Major Components of Oracle Data Masking and Subsetting

Oracle Data Masking and Subsetting consists of the following major components.

Architecture

Oracle Data Masking and Subsetting is part of the Oracle Enterprise Manager infrastructure. Organizations using Oracle Enterprise Manager do not need to download and install the Oracle Data Masking and Subsetting Pack separately. Oracle Enterprise Manager provides unified browser-based user interface for administration. All Data Masking and Subsetting objects are centrally located in the Oracle Enterprise Manager repository, which facilitates centralized creation and administration of Application Data Models, Data Masking and Subsetting rules or definitions. In addition to its intuitive cloud control Graphical User Interface (GUI), Oracle Enterprise Manager also provides Command Line Interface (EMCLI) to automate select Data Masking and Subsetting tasks.

Figure 1-2 Architecture of the Oracle Data Masking and Subsetting

Description of Figure 1-2 follows
Description of "Figure 1-2 Architecture of the Oracle Data Masking and Subsetting "

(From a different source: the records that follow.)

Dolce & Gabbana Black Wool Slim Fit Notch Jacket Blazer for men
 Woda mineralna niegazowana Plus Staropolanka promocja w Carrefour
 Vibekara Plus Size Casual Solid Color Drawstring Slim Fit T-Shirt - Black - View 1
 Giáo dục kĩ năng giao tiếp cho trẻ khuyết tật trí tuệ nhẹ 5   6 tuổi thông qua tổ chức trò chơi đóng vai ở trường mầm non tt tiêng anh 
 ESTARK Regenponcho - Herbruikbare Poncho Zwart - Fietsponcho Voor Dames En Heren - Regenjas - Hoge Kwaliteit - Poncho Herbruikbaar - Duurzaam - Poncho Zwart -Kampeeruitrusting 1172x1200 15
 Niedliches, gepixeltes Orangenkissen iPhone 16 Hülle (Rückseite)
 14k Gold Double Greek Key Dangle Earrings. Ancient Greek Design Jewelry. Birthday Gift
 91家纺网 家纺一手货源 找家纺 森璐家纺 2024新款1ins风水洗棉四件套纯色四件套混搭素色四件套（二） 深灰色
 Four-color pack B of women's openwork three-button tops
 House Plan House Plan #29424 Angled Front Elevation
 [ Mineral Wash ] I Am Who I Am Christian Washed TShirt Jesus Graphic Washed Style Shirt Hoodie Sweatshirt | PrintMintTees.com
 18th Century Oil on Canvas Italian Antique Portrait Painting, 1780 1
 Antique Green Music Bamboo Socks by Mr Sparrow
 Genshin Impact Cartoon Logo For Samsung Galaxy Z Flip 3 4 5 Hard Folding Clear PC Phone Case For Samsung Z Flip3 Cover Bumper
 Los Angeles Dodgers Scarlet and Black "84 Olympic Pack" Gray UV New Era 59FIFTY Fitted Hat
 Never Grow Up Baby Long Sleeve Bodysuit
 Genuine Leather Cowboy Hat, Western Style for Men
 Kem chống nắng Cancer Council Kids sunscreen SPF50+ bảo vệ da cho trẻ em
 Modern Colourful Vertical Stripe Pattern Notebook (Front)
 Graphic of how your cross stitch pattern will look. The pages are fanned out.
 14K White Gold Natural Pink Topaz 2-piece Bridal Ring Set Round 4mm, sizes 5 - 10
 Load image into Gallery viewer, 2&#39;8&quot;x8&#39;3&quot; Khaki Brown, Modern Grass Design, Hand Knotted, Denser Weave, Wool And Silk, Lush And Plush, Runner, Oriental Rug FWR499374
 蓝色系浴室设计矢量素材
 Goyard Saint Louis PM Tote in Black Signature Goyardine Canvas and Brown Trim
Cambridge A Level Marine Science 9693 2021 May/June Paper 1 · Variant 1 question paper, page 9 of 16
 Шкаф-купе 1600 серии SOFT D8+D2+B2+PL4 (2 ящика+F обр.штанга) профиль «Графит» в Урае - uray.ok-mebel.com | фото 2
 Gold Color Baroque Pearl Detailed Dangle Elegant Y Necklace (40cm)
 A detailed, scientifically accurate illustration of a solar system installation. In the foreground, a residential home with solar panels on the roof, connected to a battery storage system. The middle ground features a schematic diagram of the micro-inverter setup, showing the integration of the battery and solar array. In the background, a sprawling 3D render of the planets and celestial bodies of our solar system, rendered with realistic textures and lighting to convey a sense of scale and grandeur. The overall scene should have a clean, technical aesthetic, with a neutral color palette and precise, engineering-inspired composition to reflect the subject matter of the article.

For more details on Oracle Enterprise Manager Architecture, please refer to the Oracle Enterprise Manager Introduction Guide.

Methodology

Oracle Data Masking and Subsetting uses the following methodology to secure non-production database and replace sensitive data with fictitious, but relevant data that meets compliance requirements.

  • Creating an Application Data Model— Discover sensitive data and data relationships, and then create or assign an Application Data Model

  • Selecting Masking Formats and Criteria— Create data masking definition and masking format types and templates based on the sensitive data that is discovered

  • Previewing and Validating — Secure sensitive data by previewing the masking algorithm results and the subset reduction results

  • Executing Masking Transformations— Execute In-Database or In-Export masking and subsetting transformations and validate the data that is masked

The following figure describes the methodology used in Oracle Data Masking and Subsetting.

Application Data Modeling

The Application Data Modeling (ADM) module of the Oracle Data Masking and Subsetting pack simplifies the effort of sensitive data discovery through automated discovery procedures and sensitive column types. These procedures not only discover columns holding sensitive information, but also discover the parent-child relationships between these columns that are defined in the database.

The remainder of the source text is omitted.